Dijkstra's Algorithm

Learn what Dijkstra's algorithm is and how it can be used for maze generation.


As fun as it is to generate maze after maze, eventually, someone’s going to ask us how to actually solve these puzzles. Once or twice is fine, but the last thing we want to do is perpetually put pencil to paper and manually work out the solution to each one, case by case. We’d never have time for making more mazes! Since the computer has generated these, surely it can solve them, too, right?

You bet it can.

It turns out that we can choose from among an entire host of algorithms to solve mazes. Some, like the Pledge or Trémaux algorithms, are useful when we can’t see the entire maze. Others, like dead-end filling and the shortest-path algorithms, require a more omniscient view. In the scope of this course, we’ll concentrate on just one, the most all-rounder algorithm amongst the path-finding algorithms: Dijkstra’s.

However, it may not always be the best fit for the job. Other algorithms might solve some mazes faster or more efficiently, but Dijkstra’s algorithm has a lot going for it in spite of that. First, it’s not picky about the mazes we give it. Some algorithms only work on certain kinds of mazes, but Dijkstra’s will solve anything we apply it to. Second, the byproducts of Dijkstra’s algorithm will let us do some fun things, like increase the difficulty of our mazes or give us insight into their textures and the biases of the algorithms we’re using to generate them.

Who is "Dijkstra?"

Edsger Dijkstra (1930–2002) was a Dutch computer scientist. Aside from inventing his eponymous algorithm, he was active in many different areas within computer science, fields like formal verification and distributed computing. He also wrote many papers and articles, including a well-known letter from the late 1960s called “Go To Statement Considered Harmful.”
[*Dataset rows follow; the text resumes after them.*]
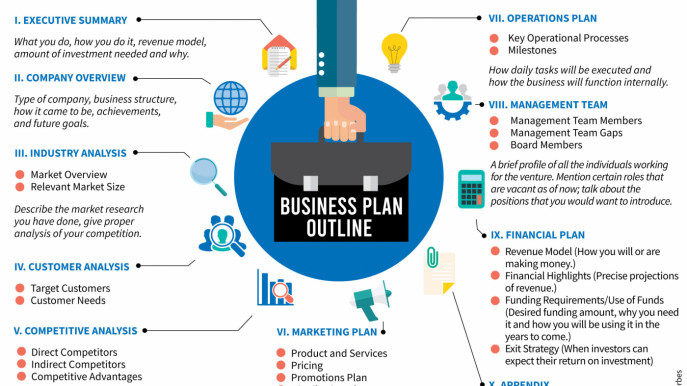structure of a business plan for investors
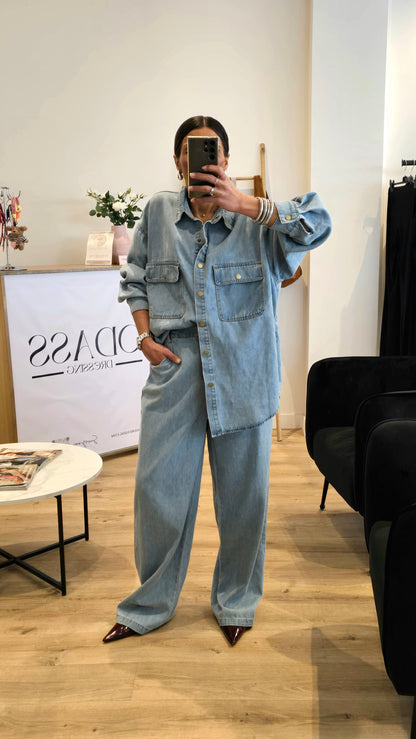 Ensemble en Jean Style Boyish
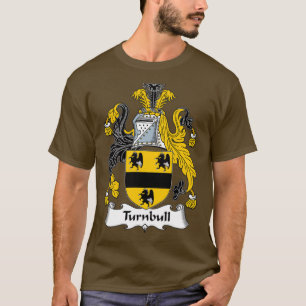 Camiseta Turnbull Casaco de Guarda Familiar de Armas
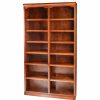 Shelving * | Forest Designs Furniture Traditional Alder Bookcase, Whitewash Oak, 84H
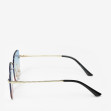 Сонцезахисні окуляри жіночі InBag Sunglasses MA20833 Gradient Blue Gold з чохлом 3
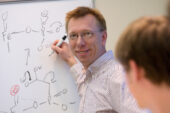 Chemistry professor Wilfred van der Donk and his colleagues developed a new method for generating large libraries of unique cyclic compounds.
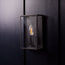 Orford IP44 exterior wall light in blackened brass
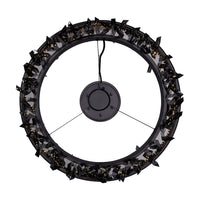 10.25'' Glacier 1 Light Black Nickel Pendant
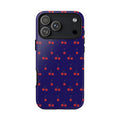 NAVY CHERRY PHONE CASE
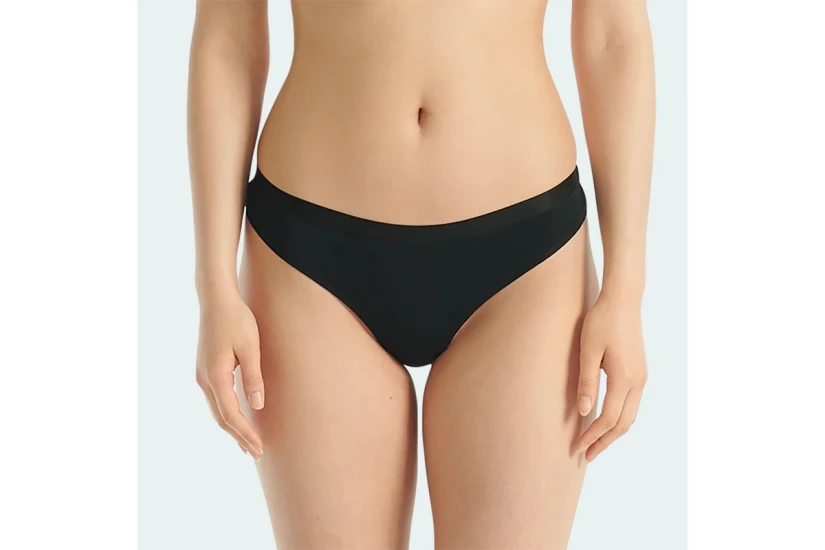 Adidas Performance Active Essentials Cotton Γυναικεία Εσώρουχα String Μαύρα 3 Τεμάχια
We’ll look at a simplified version of Dijkstra’s algorithm in this chapter, walking through it step by step, and then we’ll see how it’s implemented in code. We’ll also see some of these byproducts in action when we try to find longer paths through our mazes or color them to better visualize textures.

Dijkstra's shortest path algorithm

Dijkstra’s algorithm measures the shortest distance between some starting point (which we specify) and every other cell in the maze. In a nutshell, it works by flooding the maze, starting from the point we chose.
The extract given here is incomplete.